Pemkab Soppeng Bersama Kementan Luncurkan Pertanian Modern, Tanam Perdana Padi di Apanang Jadi Tonggak Transformasi

Uncategorized629 Dilihat

WATANSOPPENG, Wartasimpul.com – Pemerintah Kabupaten Soppeng bekerja sama dengan Kementerian Pertanian Republik Indonesia terus memperkuat transformasi sektor pertanian menuju sistem yang lebih maju, efisien, dan berteknologi tinggi. Langkah nyata tersebut ditandai dengan pelaksanaan kegiatan Tanam Padi Perdana Program Pertanian Modern Advance Agriculture System (PM-AAS) yang digelar di Kelurahan Apanang, Kecamatan Liliriaja, Kabupaten Soppeng, Jumat (8/5/2026).

Kegiatan ini diselenggarakan oleh Balai Besar Penerapan Modernisasi Pertanian Sulawesi Selatan, dan menjadi penanda resmi dimulainya penerapan sistem pertanian berbasis teknologi dan mekanisasi secara luas di wilayah Soppeng. Acara ini dihadiri langsung oleh Bupati Soppeng, H. Suwardi Haseng, SE, jajaran pejabat Kementerian Pertanian, perwakilan Dinas Pertanian Sulawesi Selatan, serta para kelompok tani dan masyarakat setempat.

Dalam sambutannya, Bupati Soppeng, Suwardi Haseng, menegaskan bahwa program PM-AAS bukan sekadar kegiatan seremonial semata, melainkan langkah strategis dan awal yang sangat penting untuk membawa pertanian Soppeng masuk ke era baru yang lebih modern, maju, dan berdaya saing.

“Program ini adalah bukti nyata perhatian pemerintah pusat dan daerah terhadap nasib para petani kita. Ini bukan sekadar seremonial penanaman padi, melainkan tonggak awal transformasi besar-besaran di sektor pertanian kita, menuju sistem yang lebih maju, efisien, dan menguntungkan petani,” ujar Suwardi di lokasi kegiatan.

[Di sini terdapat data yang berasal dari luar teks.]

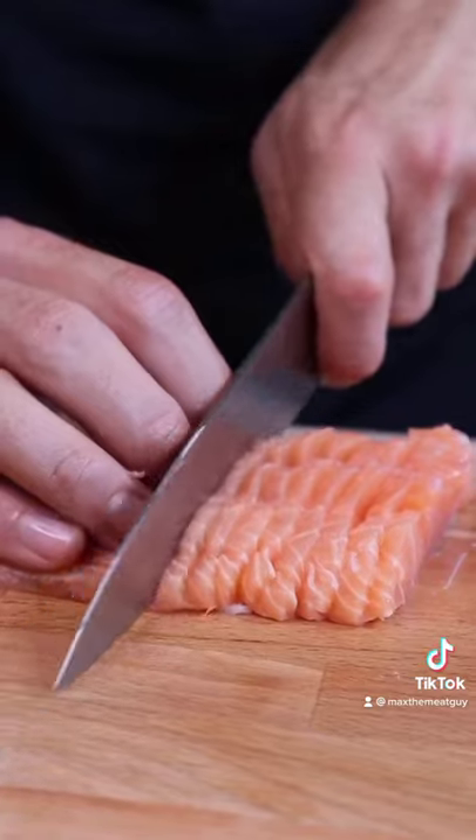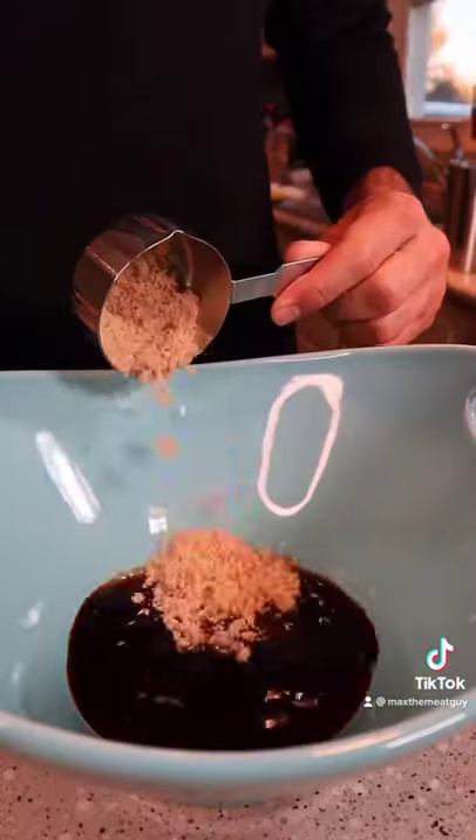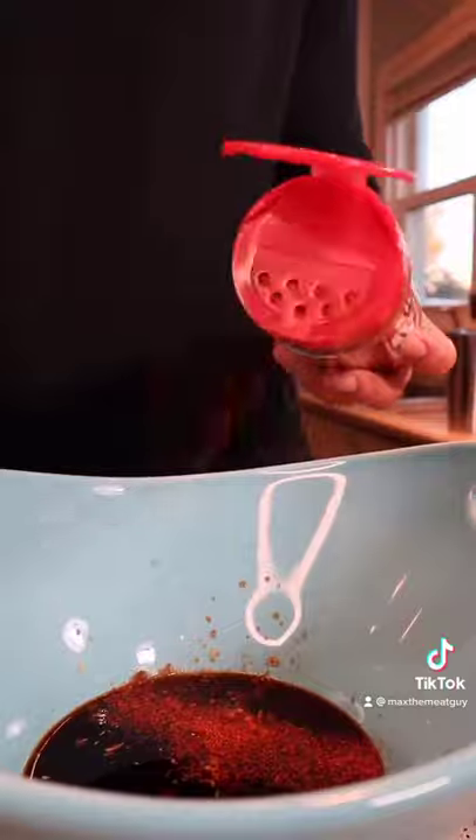Today we're making salmon candy. Slice your salmon and make a brine: soy sauce, mirin, brown sugar, ginger, and the barbecue rub.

Lebih lanjut ia menjelaskan, saat ini para petani dihadapkan pada berbagai tantangan berat yang mempengaruhi produktivitas dan kesejahteraan mereka. Mulai dari perubahan iklim dan cuaca yang semakin sulit diprediksi, kenaikan harga sarana produksi seperti pupuk dan benih, keterbatasan tenaga kerja muda yang mulai beralih profesi, hingga fluktuasi harga hasil panen yang sering kali merugikan petani. Karena itulah, kata dia, pemerintah menghadirkan solusi konkret melalui penerapan teknologi dan mekanisasi pertanian dalam program PM-AAS ini.

“Kita tidak bisa lagi bertani dengan cara-cara lama jika ingin hasilnya maksimal. Melalui sistem PM-AAS ini, kita perkenalkan teknologi tepat guna, pengolahan lahan yang efisien, penggunaan benih unggul, hingga mekanisasi pertanian yang mampu memangkas waktu, tenaga, dan biaya produksi. Ini jawaban kita atas segala tantangan yang dihadapi petani selama ini,” tegasnya.

Kepala Balai Besar Penerapan Modernisasi Pertanian Sulawesi Selatan, dalam laporannya, menyampaikan bahwa penerapan sistem ini bertujuan meningkatkan indeks pertanaman, menaikkan produktivitas lahan hingga di atas rata-rata nasional, serta menjamin kualitas hasil panen. Di Kelurahan Apanang, sistem ini akan diterapkan pada lahan seluas ratusan hektare sebagai kawasan percontohan, sebelum kemudian dikembangkan ke wilayah lain di Kabupaten Soppeng.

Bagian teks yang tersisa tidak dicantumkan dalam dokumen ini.